Here, because the defect in Plaintiff's Human Rights Law claim is jurisdictional arising from the election-of-remedies provision of the New York Human Rights Law, the Court finds that the defect is substantive in nature such that better pleading will not cure it. See, e.g., Janneh v. Regal Entm't Group, 07-CV-0079, 2007 WL 2292981, at *1, 5 (N.D.N.Y. Aug. 6, 2007) (McAvoy, J.) (dismissing with prejudice plaintiff's claims of employment discrimination claims pursuant to the New York Executive Law based on election of remedies, pursuant to Fed. R. Civ. P. 12[b][1]). As a result, that claim is dismissed with prejudice.

However, because the defect in Plaintiff's Title VII claim is not jurisdictional but results from the pleading of facts plausibly suggesting that the claim is untimely, the Court finds that the defect is formal in nature such that better pleading might cure it. (Dkt. No. 1, at ¶ 11). See Saunders v. Lupia, 07-CV-2408, 2009 WL 2525135, at *2, n.1 (E.D.N.Y. Aug. 17, 2009) ("Although defendants, in addition to moving under Rule 12(b) (6), makes the motion under Rule 12(b)(1) for lack of subject matter jurisdiction on any Title VII claim asserted by plaintiff because it is time-barred, it is well-settled that the timing requisites of Title VII claims are not jurisdictional and, thus, subject to, among other things, equitable tolling"); Smith--Haynie v. Dist. of Columbia, 155 F.3d 575, 577 (D.C. Cir.1998) (noting that a statute of limitations defense under Title VII is properly considered under Fed. R. Civ. P. 12[b][6]); Tate v. I.B.E.W.--N.E.C.A. Tech. Inst., 09-C-1592, 2009 WL 3839319, at *4 (N.D.Ill. Nov. 10, 2009) ("Because the face of Tate's Complaint clearly shows his charges are time-barred under Title VII, he has pled himself out of court under Rule 12(b)(6)."). The same is true with regard to Plaintiff's defamation claim. As a result, those two claims are only conditionally dismissed: they will be dismissed with prejudice without further Order of this Court unless, within thirty (30) days of the date of this Decision and Order, Plaintiff files an Amended Complaint that cures the pleading defects identified with regard to those two claims.

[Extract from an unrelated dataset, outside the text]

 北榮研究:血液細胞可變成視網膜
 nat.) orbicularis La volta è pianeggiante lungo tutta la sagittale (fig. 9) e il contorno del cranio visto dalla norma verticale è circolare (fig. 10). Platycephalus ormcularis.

Plaintiff is advised that any such Amended Complaint must be a complete pleading that does not incorporate by reference any portion of his original Complaint, but that will replace and supersede his original Complaint in its entirety.

ACCORDINGLY, it is

ORDERED that Defendant's motion to dismiss (Dkt. No. 13) is GRANTED; and it is further

ORDERED that the Human Rights Law Claim asserted in Plaintiff's Complaint is DISMISSED with prejudice; and it is further

ORDERED that the remaining two claims in Plaintiff's Complaint (i.e., the Title VII claim and the defamation claim) are only conditionally DISMISSED: they will be DISMISSED with prejudice without further Order of this Court UNLESS, within THIRTY (30) DAYS of the date of this Decision and Order, Plaintiff files an Amended Complaint that cures the pleading defects identified with regard to those two claims; and it is further

ORDERED that, upon Plaintiff's filing of an Amended Complaint, the Clerk of the Court shall return the file to this Court further review.